Items from a dataset:
+-------+

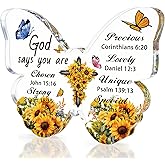 Christian Valentine Gifts Spiritual Gifts for Women Christian Stuff Sunflower Desk Accessories Sunflower Decor Religious Valentines Gift Church Church Valentine Gift Religious Stocking Stuffers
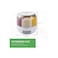 Taylor &amp; Brown 6-Grid Rotating Rice Dispenser, 360&deg; Round Food Storage Container, Transparent
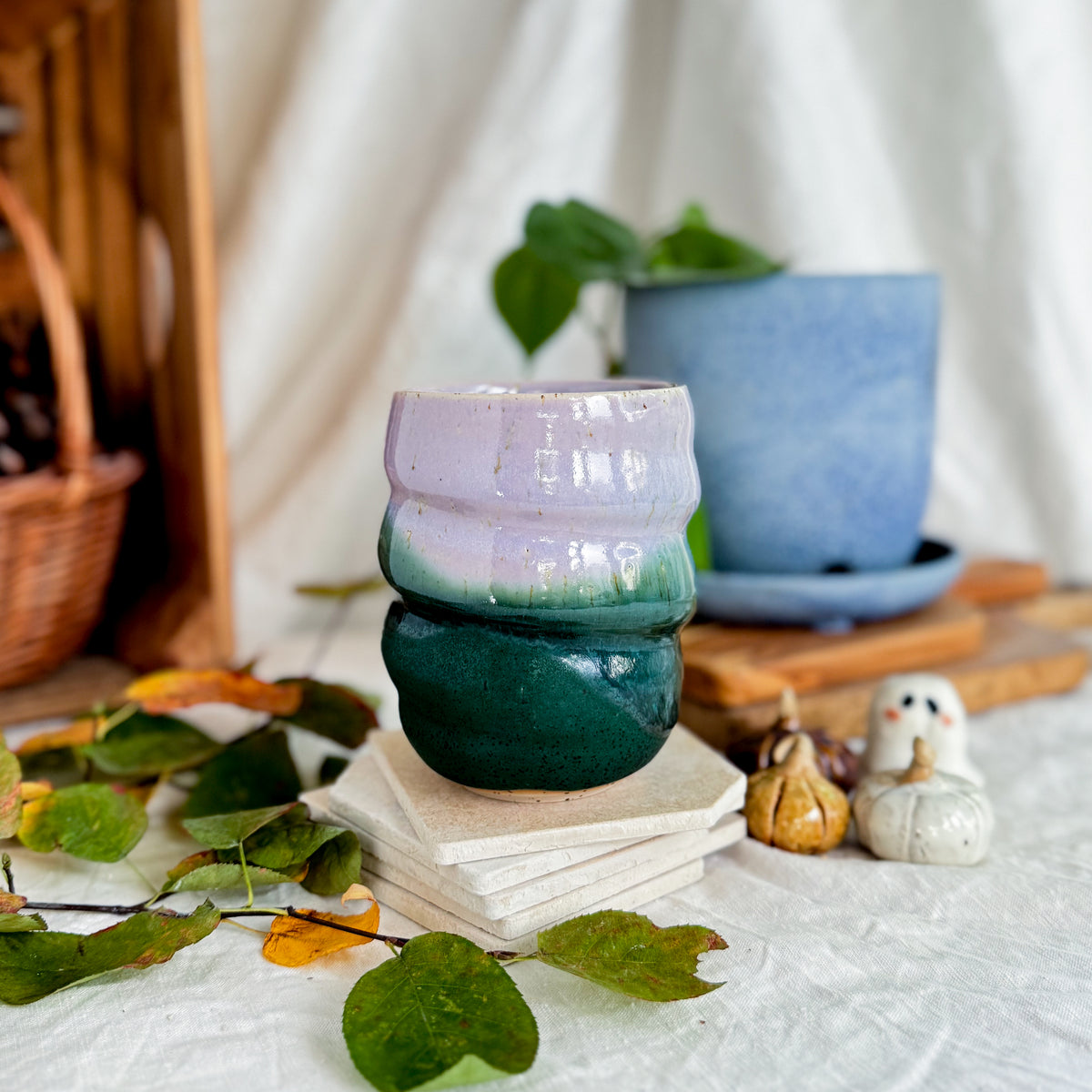Lavender Fields Ice Tea Tumbler #4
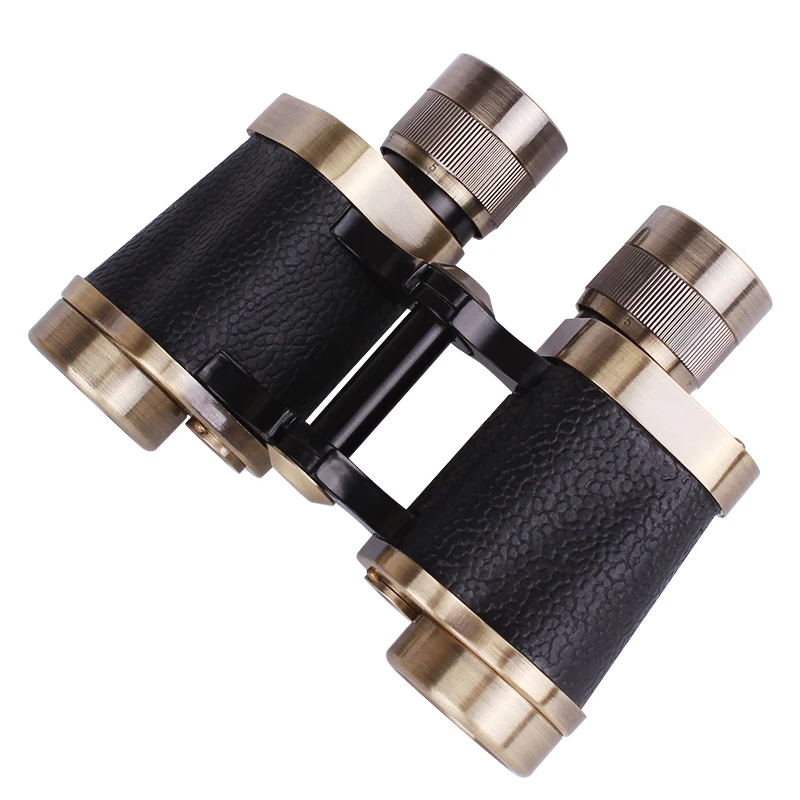 

LUXUN Type 62 Full Brass Binoculars High Magnification HD 8X30 Full Metal Binocular Telescope with Coordinate Rangefinder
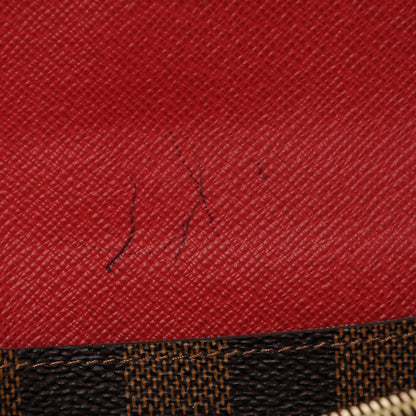 Louis Vuitton Damier Ebene Emilie Wallet Red 6 of 9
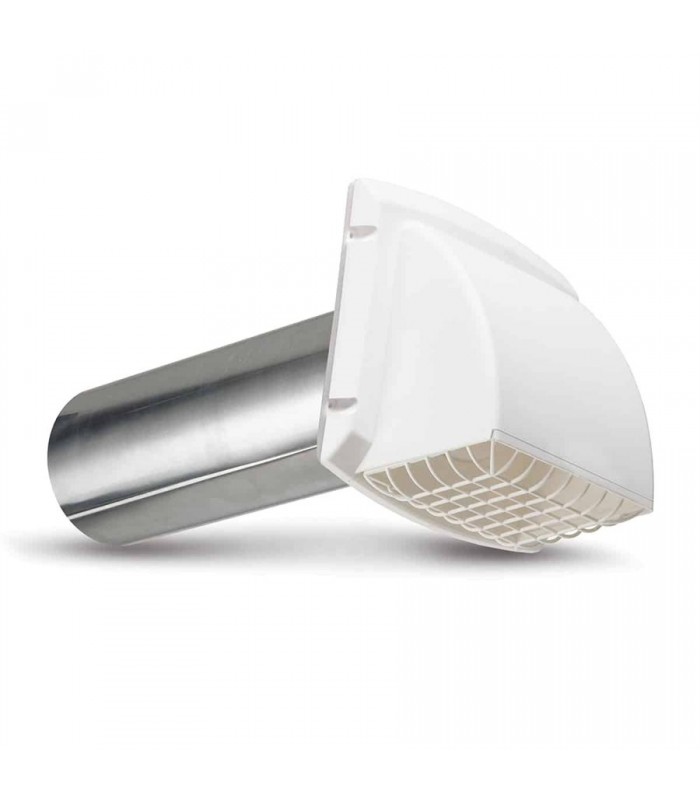 Promax Vent Hood White 4 inch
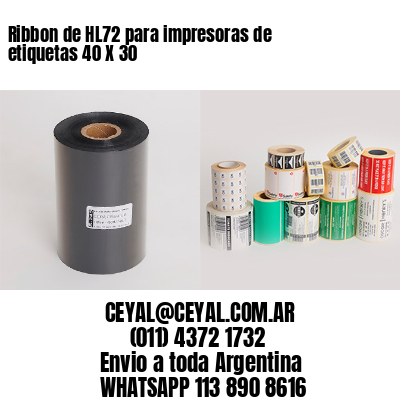 Ribbon de HL72 para impresoras de etiquetas 40 X 30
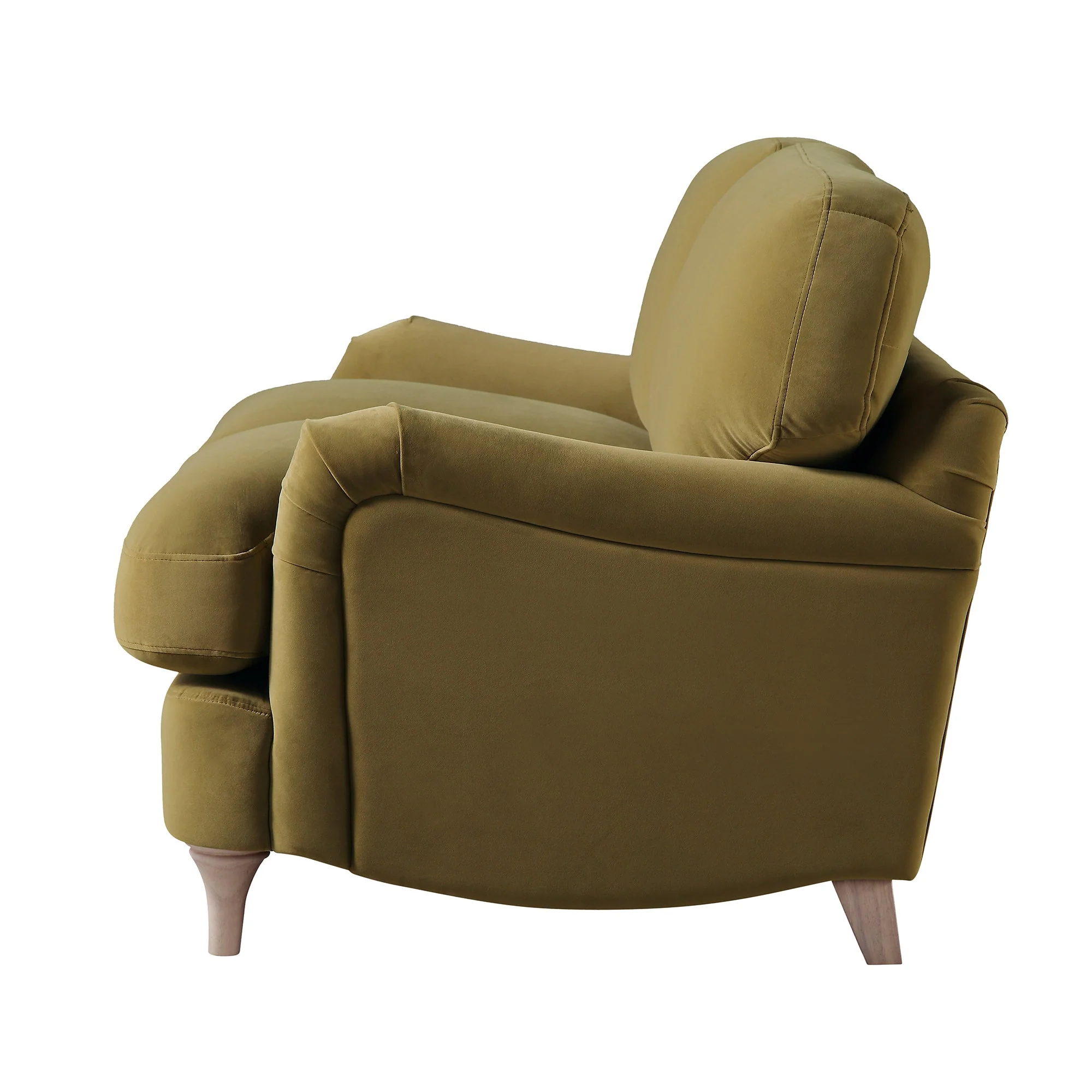 Fudge Velvet Sofa, 2-Seater
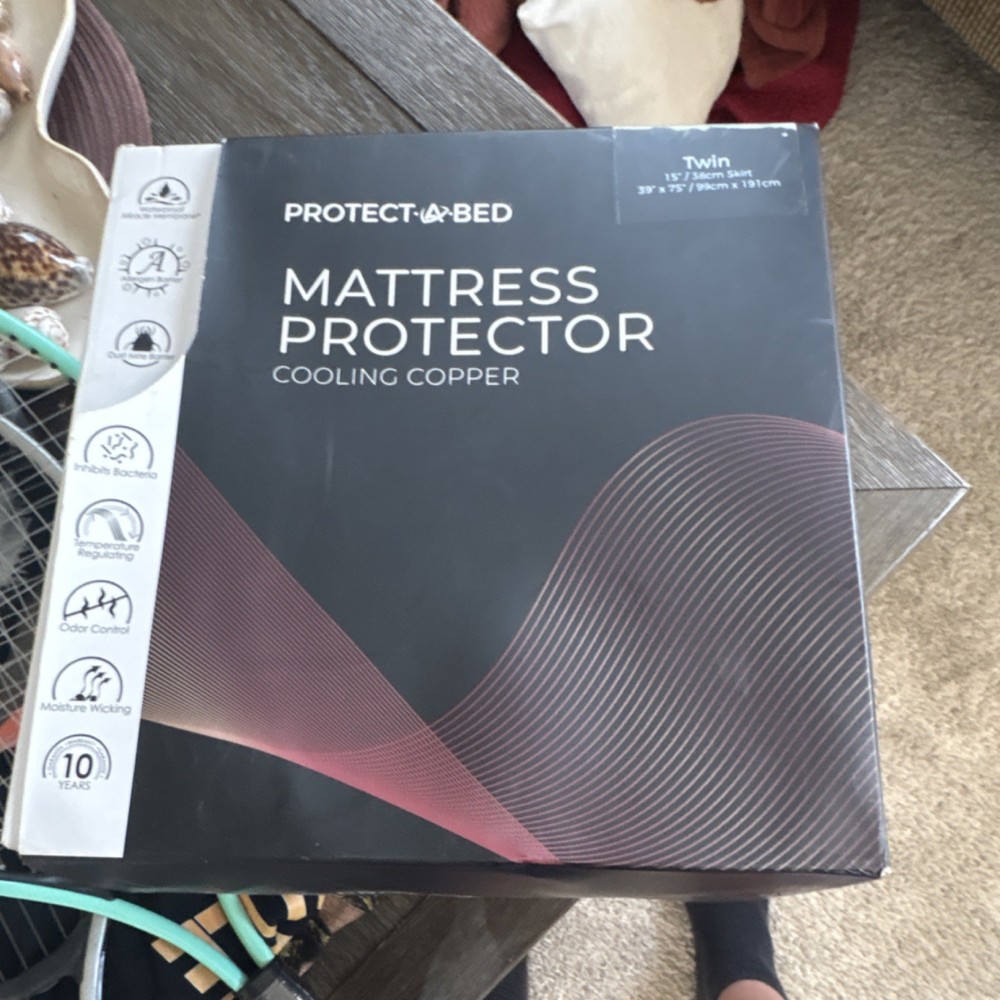 Protect-A-Bed Cooling Copper Twin Mattress Protector Temperature Regulating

+-------+

▶ **Task brief**: Would you print, exactly as they appear, the lines from the line with "Louis Vuitton Damier" through the end of the entries above, leaving out the pictures?

▶ **Response below**:
 Louis Vuitton Damier Ebene Emilie Wallet Red 6 of 9
 Promax Vent Hood White 4 inch
 Ribbon de HL72 para impresoras de etiquetas 40 X 30
 Fudge Velvet Sofa, 2-Seater
 Protect-A-Bed Cooling Copper Twin Mattress Protector Temperature Regulating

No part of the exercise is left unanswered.